**Action item**
Begin at the line containing "White Marelle Bag Epi M80688" and retype each line through the end of the records exactly. Include nothing else and no pictures.

(Stored items)

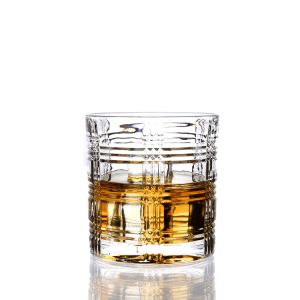 185ml Old Fashion Glass Highball Tumblers Whisky Hand Made For Home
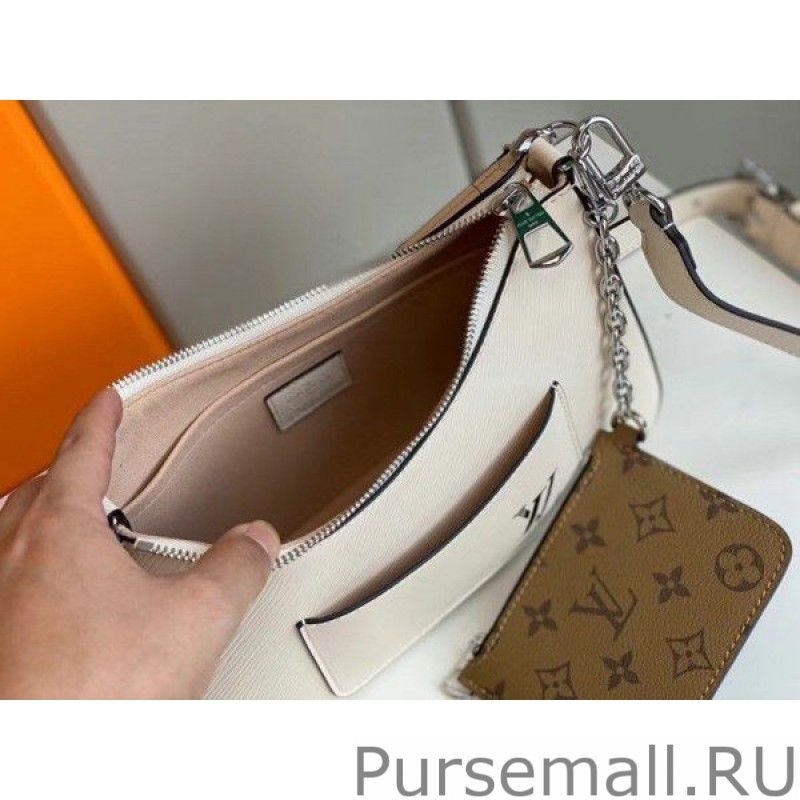 White Marelle Bag Epi M80688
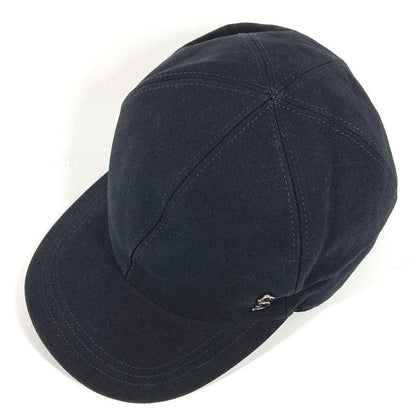 Dior Cap CD Logo Cotton Black Hat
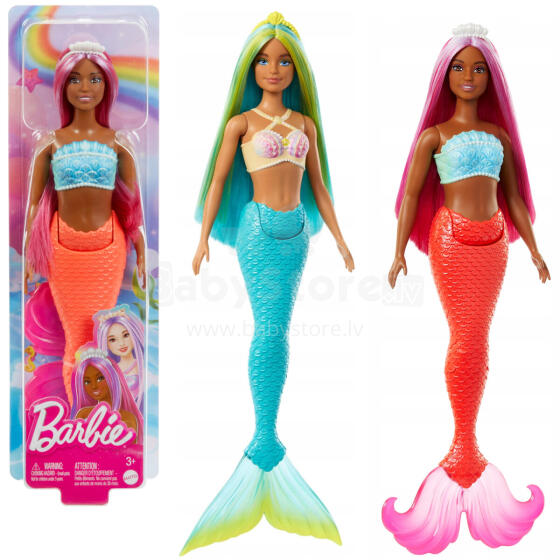 LALKA BARBIE SYRENKA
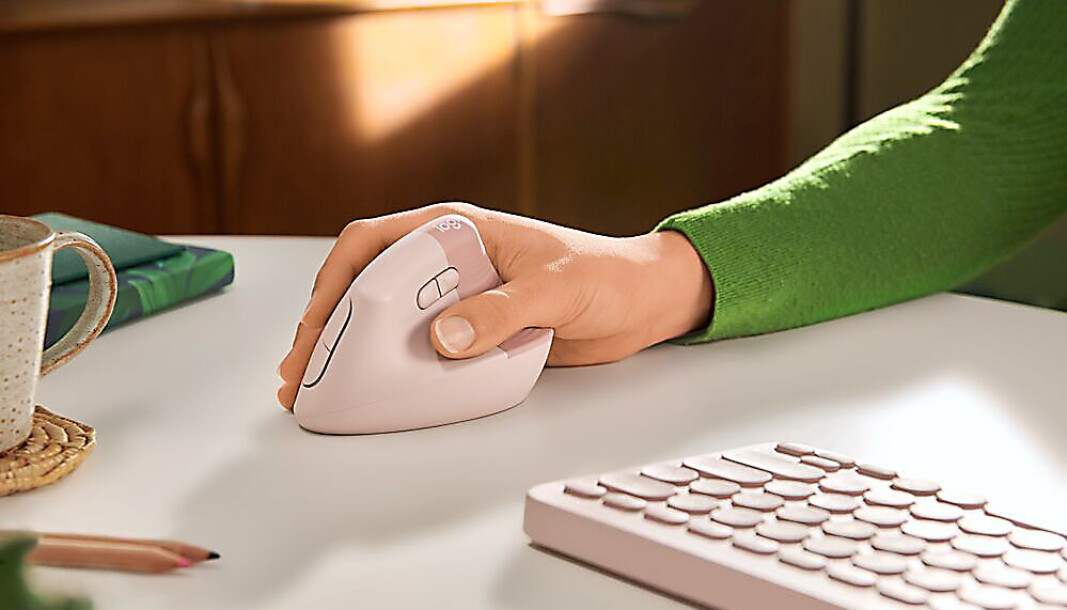 Logitech Lift. Foto: Logitech Logitech Lift. Foto: Logitech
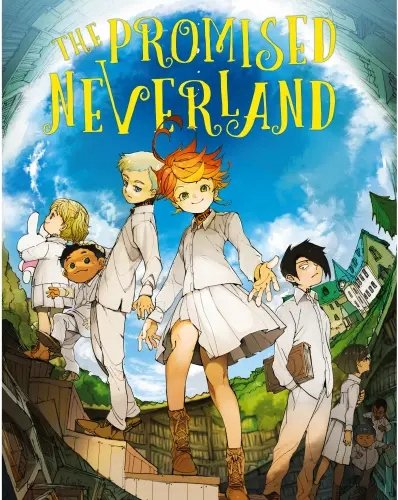 Plakat The Promised Neverland ynn_001 A2 (custom)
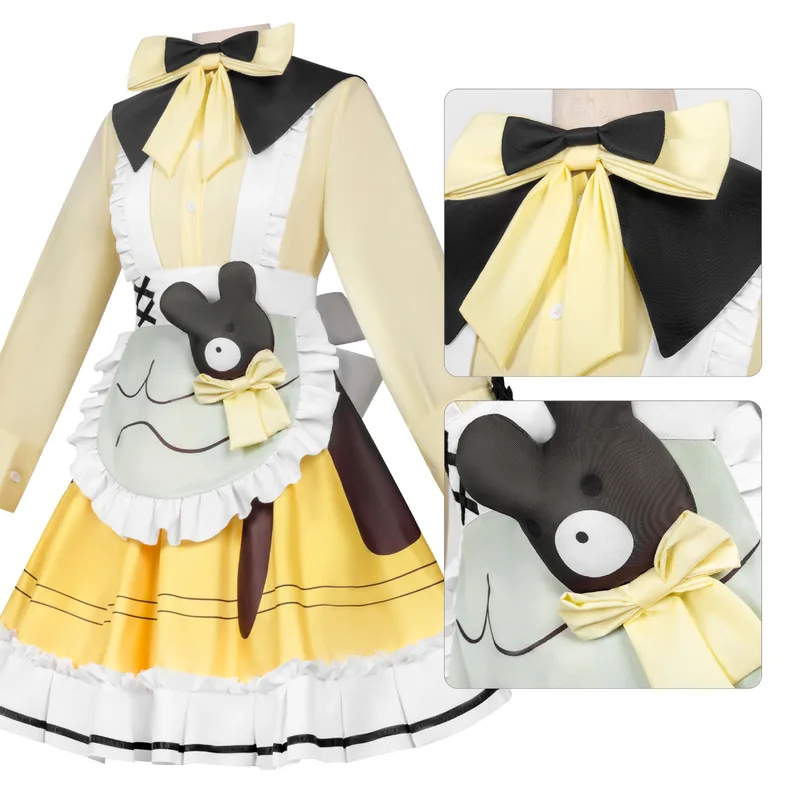 ER1KAnime Game Eggy Kostum Cos - Party Games Eggy ulasan dan harga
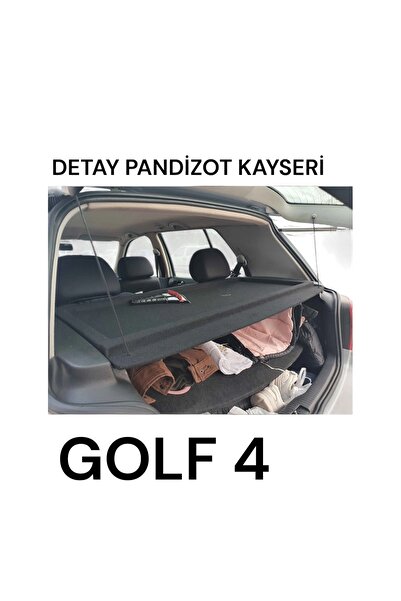 DETAYOTO Volkswagen Golf 4 bagaj rafı pandizot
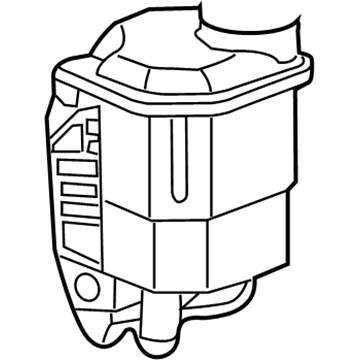 Mopar 5073241AB Reservoir-Power Steering Pump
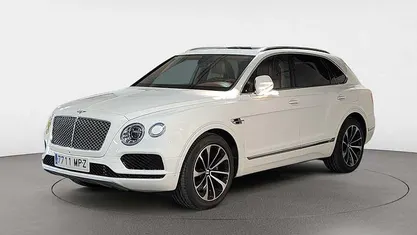 Usado Bentley Bentayga 449 CV (330 kW) 2020 Blanco SUV
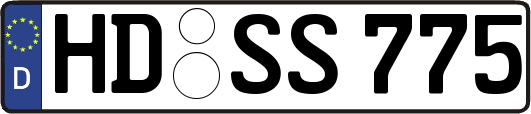 HD-SS775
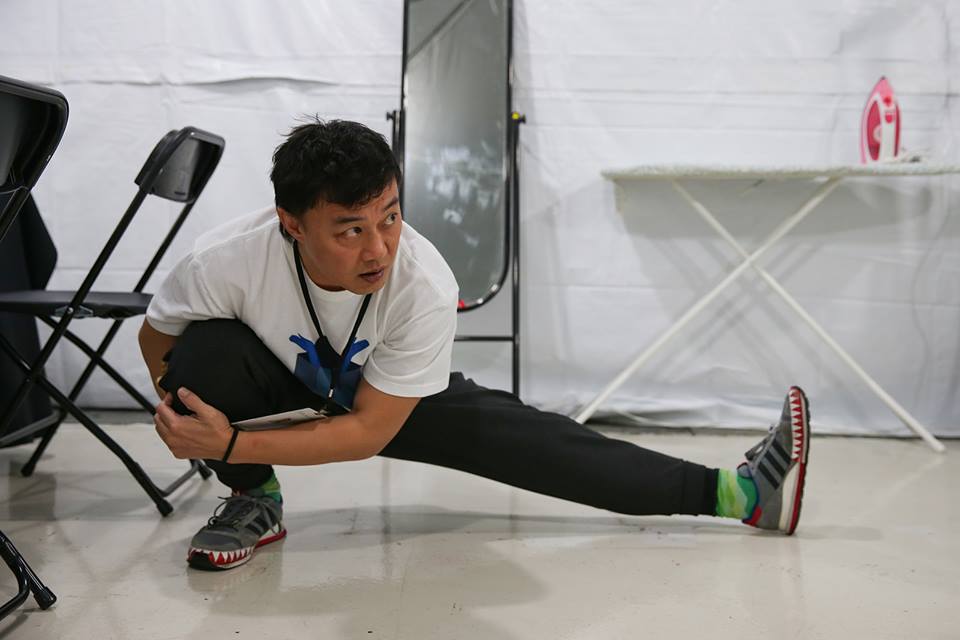 陳奕迅對體重向來不注重，但看到好友練到六塊腹肌，也下定決心好好減肥。（翻攝自陳奕迅臉書）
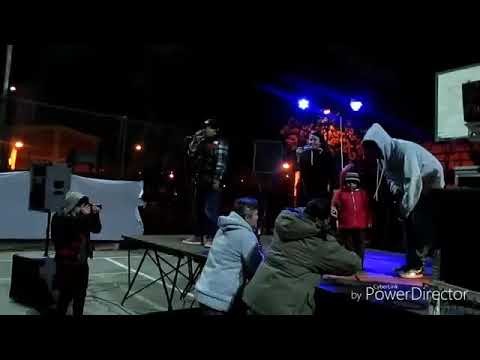 Poniente Psycho y Dj Safir  - en vivo maipu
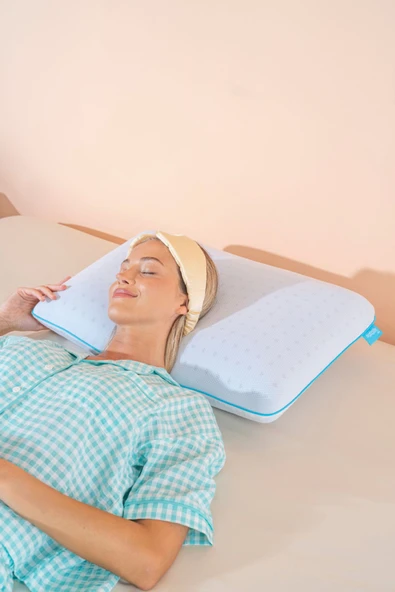Softlife Aroma Terapi Okyanus Esintisi Visco Yastık Ve Yastık Spreyi - 5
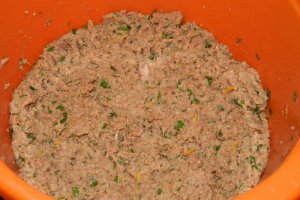 Chiftele de ton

**Output**
 White Marelle Bag Epi M80688
 Dior Cap CD Logo Cotton Black Hat
 LALKA BARBIE SYRENKA
 Logitech Lift. Foto: Logitech Logitech Lift. Foto: Logitech
 Plakat The Promised Neverland ynn_001 A2 (custom)
 ER1KAnime Game Eggy Kostum Cos - Party Games Eggy ulasan dan harga
 DETAYOTO Volkswagen Golf 4 bagaj rafı pandizot
 Mopar 5073241AB Reservoir-Power Steering Pump
 Usado Bentley Bentayga 449 CV (330 kW) 2020 Blanco SUV
 HD-SS775
 陳奕迅對體重向來不注重，但看到好友練到六塊腹肌，也下定決心好好減肥。（翻攝自陳奕迅臉書）
 Poniente Psycho y Dj Safir  - en vivo maipu
Softlife Aroma Terapi Okyanus Esintisi Visco Yastık Ve Yastık Spreyi - 5
 Chiftele de ton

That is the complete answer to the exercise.